Dean’s House

Dean’s House main entrance during Commencement

The Dean’s House was part of the original campus design and made possible by the George F. Baker founding gift.

The Dean’s House was designed by Coolidge Shepley Bulfinch and Abbott. Construction was completed in 1929, two years after the dedication of the first 12 HBS buildings and just two years before the death of George F. Baker, the prominent banker who funded the construction of Harvard Business School’s original campus. The brick, 10,978-square-foot Georgian Revival-style building includes a gracious entry hall, study, living room, dining room, kitchen, and pantry on the main floor, with a circular staircase leading to a sitting room, bedrooms, and baths on the second and third floors. The surrounding garden was part of Frederick Law Olmsted’s original landscape design. At the time of its completion, the Dean’s House was on the outskirts of campus, far enough from Baker Library to allow room for future structures. HBS Deans lived at the house until 1980, when it came to be used primarily for social functions. Dean Nitin Nohria revived the in-residence tradition when he was named Dean in 2010.

About the Donor

Construction of a Dean’s House was important to George F. Baker (1840-1931), who believed that Dean Wallace B. Donham and his successors should live in close proximity to students and faculty. Although a Dean’s residence had been part of the original campus design, plans for its construction had been eliminated to reduce costs but reinstated at Baker’s insistence.

A prominent financier, philanthropist, and president of the First National Bank of New York, Baker was an extraordinary business leader. At the age of 23, he invested $3,000 to become an original shareholder in the First National Bank, where he worked as a teller. Just 14 years later, he became the bank’s president. Under his conservative management, the institution remained financially sound throughout the panics of the late 19th and early 20th centuries.

Baker’s business acumen extended to serving on the boards of more than 40 corporations, including several failing railroads that he bought and revitalized.

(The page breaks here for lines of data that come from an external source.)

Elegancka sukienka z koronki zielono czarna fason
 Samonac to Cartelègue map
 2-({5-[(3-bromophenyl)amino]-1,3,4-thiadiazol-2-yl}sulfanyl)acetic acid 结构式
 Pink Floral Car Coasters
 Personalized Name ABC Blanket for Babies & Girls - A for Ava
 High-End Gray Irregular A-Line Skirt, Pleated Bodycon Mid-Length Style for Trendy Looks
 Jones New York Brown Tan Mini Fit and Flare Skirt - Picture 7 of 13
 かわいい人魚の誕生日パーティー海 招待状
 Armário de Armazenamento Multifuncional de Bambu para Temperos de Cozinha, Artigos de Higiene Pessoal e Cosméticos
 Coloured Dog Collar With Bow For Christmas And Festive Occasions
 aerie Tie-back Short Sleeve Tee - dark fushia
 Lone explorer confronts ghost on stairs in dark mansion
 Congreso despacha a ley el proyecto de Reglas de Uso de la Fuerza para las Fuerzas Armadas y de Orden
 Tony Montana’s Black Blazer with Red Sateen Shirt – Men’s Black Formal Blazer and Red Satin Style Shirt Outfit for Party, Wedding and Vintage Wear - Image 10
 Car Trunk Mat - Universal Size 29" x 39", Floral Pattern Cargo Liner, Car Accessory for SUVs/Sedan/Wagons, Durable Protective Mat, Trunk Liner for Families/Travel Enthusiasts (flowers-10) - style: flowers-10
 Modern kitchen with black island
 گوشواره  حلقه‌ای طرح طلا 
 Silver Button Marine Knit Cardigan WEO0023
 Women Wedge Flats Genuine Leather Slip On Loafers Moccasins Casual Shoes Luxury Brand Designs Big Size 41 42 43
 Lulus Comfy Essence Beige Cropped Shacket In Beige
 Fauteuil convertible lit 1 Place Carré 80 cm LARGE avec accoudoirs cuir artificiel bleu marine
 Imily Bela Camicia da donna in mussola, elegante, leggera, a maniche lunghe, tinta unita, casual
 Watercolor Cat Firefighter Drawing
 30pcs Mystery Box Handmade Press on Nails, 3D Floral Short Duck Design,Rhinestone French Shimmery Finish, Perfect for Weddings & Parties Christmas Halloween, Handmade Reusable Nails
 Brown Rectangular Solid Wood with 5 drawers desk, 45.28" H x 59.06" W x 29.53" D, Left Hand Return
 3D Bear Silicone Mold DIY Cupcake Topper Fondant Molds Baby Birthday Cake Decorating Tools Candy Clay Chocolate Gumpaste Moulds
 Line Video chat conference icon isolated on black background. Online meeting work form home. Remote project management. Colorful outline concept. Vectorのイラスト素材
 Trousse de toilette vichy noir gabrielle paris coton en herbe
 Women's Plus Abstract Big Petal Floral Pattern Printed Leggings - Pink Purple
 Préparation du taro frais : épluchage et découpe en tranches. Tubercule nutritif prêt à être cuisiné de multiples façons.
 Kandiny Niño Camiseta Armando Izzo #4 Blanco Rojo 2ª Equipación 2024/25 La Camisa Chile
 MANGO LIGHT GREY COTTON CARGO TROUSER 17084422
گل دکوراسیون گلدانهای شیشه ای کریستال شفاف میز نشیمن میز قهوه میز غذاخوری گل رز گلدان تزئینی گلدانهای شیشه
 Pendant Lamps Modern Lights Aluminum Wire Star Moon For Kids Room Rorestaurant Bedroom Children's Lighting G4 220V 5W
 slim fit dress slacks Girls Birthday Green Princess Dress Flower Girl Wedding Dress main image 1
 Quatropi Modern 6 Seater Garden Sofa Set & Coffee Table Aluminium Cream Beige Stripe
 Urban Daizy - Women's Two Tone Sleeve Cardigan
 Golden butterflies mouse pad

He also had great success investing in the utilities, steel, and rubber industries. Although he famously kept a low profile, leaders of business and government consistently sought and received his advice.

Baker appreciated the impact of unsteady economic times, and his 1924 gift to the School was understood to be an endorsement of the need for professional management education. When Harvard Overseer Bishop William Lawrence approached him for a $1 million donation to help build the new campus, Baker refused. After consulting with his son, Harvard College graduate George F. Baker Jr., the elder Baker told Lawrence he preferred to contribute $5 million “for the privilege of building the whole school.”